● **What to do**: Lines from the one containing "bedroom. Close-up Very" through the last line of the data below are to be returned exactly; leave out the rest.

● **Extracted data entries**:
----

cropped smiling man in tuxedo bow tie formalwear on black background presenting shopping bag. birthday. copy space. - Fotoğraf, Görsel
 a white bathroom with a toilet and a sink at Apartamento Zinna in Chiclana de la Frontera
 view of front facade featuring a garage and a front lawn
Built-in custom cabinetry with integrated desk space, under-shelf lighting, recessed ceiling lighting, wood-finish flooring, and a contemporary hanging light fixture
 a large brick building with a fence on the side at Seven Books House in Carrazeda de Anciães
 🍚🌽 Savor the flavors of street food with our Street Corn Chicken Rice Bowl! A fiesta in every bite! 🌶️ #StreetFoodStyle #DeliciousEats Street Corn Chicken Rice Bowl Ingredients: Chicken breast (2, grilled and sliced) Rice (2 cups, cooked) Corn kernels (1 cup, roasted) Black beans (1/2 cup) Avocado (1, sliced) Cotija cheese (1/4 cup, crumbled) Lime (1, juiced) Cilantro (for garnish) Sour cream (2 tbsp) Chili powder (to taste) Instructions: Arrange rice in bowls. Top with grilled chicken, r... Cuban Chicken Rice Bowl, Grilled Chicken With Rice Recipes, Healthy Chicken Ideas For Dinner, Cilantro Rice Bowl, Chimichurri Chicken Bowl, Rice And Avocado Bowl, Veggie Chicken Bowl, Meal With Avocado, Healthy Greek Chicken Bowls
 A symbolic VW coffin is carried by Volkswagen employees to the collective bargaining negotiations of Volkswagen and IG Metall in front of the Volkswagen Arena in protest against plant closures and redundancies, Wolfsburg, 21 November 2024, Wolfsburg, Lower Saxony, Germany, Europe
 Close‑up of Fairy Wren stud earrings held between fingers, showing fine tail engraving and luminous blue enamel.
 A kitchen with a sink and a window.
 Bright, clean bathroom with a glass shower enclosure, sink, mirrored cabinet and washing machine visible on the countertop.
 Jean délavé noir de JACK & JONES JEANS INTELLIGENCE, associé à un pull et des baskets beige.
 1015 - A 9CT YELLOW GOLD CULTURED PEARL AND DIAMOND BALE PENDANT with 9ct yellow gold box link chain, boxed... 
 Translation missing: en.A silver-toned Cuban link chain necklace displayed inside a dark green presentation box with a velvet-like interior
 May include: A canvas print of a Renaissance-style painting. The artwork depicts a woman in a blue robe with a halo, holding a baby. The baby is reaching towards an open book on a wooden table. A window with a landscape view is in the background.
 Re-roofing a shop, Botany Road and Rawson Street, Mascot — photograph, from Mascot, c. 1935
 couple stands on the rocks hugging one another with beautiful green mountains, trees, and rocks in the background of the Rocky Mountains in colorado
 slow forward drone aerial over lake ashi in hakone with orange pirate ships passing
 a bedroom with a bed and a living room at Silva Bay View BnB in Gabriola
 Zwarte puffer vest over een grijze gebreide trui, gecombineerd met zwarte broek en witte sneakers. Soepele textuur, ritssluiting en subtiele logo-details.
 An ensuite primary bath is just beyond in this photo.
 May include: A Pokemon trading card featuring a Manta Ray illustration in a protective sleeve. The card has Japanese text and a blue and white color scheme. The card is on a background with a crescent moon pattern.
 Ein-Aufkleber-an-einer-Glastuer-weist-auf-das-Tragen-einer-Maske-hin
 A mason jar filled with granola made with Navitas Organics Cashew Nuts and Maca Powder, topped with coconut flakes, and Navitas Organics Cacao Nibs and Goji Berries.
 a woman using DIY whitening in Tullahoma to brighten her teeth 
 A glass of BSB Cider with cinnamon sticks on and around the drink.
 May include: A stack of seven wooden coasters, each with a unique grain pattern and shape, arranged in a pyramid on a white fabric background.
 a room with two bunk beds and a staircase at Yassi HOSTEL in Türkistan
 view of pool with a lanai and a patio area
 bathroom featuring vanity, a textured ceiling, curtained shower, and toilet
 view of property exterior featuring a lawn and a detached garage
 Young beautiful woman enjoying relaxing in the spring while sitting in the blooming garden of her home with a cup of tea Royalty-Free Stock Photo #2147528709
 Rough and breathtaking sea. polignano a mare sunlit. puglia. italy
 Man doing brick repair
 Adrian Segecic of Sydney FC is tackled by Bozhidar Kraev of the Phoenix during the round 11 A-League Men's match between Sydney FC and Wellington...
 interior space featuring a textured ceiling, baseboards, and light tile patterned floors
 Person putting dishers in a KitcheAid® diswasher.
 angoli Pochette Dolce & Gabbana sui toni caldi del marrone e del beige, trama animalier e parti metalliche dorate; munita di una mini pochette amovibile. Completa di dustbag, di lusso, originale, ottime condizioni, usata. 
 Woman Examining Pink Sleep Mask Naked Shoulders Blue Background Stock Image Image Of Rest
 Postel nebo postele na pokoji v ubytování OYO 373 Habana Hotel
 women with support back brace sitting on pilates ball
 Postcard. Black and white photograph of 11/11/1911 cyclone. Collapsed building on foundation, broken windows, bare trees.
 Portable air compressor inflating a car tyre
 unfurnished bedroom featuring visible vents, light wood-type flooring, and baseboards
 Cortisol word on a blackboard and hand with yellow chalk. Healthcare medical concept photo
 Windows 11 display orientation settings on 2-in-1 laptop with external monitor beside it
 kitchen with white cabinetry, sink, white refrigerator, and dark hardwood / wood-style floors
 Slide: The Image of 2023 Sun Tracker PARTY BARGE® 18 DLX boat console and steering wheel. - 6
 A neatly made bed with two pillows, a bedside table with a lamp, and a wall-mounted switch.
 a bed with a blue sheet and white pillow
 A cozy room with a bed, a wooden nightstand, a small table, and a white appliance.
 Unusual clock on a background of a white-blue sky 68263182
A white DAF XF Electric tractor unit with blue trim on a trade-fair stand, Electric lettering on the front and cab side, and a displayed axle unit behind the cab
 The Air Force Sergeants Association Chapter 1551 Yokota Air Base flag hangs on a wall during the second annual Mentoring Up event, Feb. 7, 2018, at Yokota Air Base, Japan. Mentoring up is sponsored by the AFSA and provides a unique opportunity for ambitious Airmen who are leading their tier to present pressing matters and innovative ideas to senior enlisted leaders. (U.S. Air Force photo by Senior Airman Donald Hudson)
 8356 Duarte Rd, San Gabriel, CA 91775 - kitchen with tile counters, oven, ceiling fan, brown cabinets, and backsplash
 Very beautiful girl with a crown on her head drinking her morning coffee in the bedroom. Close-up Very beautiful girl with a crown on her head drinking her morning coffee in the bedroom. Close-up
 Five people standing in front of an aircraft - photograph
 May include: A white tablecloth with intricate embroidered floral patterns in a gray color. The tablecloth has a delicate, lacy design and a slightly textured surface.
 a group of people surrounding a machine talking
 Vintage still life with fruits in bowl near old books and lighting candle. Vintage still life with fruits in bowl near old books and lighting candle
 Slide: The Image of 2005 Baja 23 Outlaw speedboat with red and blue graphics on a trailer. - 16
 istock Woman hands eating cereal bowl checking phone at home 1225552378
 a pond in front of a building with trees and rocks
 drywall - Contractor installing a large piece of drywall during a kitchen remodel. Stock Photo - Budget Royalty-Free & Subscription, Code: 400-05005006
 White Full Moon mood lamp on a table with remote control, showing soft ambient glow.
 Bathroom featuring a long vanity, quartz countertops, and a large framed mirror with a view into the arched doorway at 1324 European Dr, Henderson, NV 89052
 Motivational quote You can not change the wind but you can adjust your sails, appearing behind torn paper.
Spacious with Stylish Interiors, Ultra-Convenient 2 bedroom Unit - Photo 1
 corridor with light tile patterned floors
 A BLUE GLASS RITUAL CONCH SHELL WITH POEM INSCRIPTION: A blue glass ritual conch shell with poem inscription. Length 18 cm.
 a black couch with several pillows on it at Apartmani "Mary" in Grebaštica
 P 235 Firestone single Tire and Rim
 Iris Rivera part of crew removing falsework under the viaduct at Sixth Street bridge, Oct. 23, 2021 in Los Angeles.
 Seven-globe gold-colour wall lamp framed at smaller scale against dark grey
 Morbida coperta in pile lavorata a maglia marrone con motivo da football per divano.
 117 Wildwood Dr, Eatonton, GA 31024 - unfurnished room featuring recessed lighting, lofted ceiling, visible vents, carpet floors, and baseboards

----

● **Answer to this problem**:
 Very beautiful girl with a crown on her head drinking her morning coffee in the bedroom. Close-up Very beautiful girl with a crown on her head drinking her morning coffee in the bedroom. Close-up
 Five people standing in front of an aircraft - photograph
 May include: A white tablecloth with intricate embroidered floral patterns in a gray color. The tablecloth has a delicate, lacy design and a slightly textured surface.
 a group of people surrounding a machine talking
 Vintage still life with fruits in bowl near old books and lighting candle. Vintage still life with fruits in bowl near old books and lighting candle
 Slide: The Image of 2005 Baja 23 Outlaw speedboat with red and blue graphics on a trailer. - 16
 istock Woman hands eating cereal bowl checking phone at home 1225552378
 a pond in front of a building with trees and rocks
 drywall - Contractor installing a large piece of drywall during a kitchen remodel. Stock Photo - Budget Royalty-Free & Subscription, Code: 400-05005006
 White Full Moon mood lamp on a table with remote control, showing soft ambient glow.
 Bathroom featuring a long vanity, quartz countertops, and a large framed mirror with a view into the arched doorway at 1324 European Dr, Henderson, NV 89052
 Motivational quote You can not change the wind but you can adjust your sails, appearing behind torn paper.
Spacious with Stylish Interiors, Ultra-Convenient 2 bedroom Unit - Photo 1
 corridor with light tile patterned floors
 A BLUE GLASS RITUAL CONCH SHELL WITH POEM INSCRIPTION: A blue glass ritual conch shell with poem inscription. Length 18 cm.
 a black couch with several pillows on it at Apartmani "Mary" in Grebaštica
 P 235 Firestone single Tire and Rim
 Iris Rivera part of crew removing falsework under the viaduct at Sixth Street bridge, Oct. 23, 2021 in Los Angeles.
 Seven-globe gold-colour wall lamp framed at smaller scale against dark grey
 Morbida coperta in pile lavorata a maglia marrone con motivo da football per divano.
 117 Wildwood Dr, Eatonton, GA 31024 - unfurnished room featuring recessed lighting, lofted ceiling, visible vents, carpet floors, and baseboards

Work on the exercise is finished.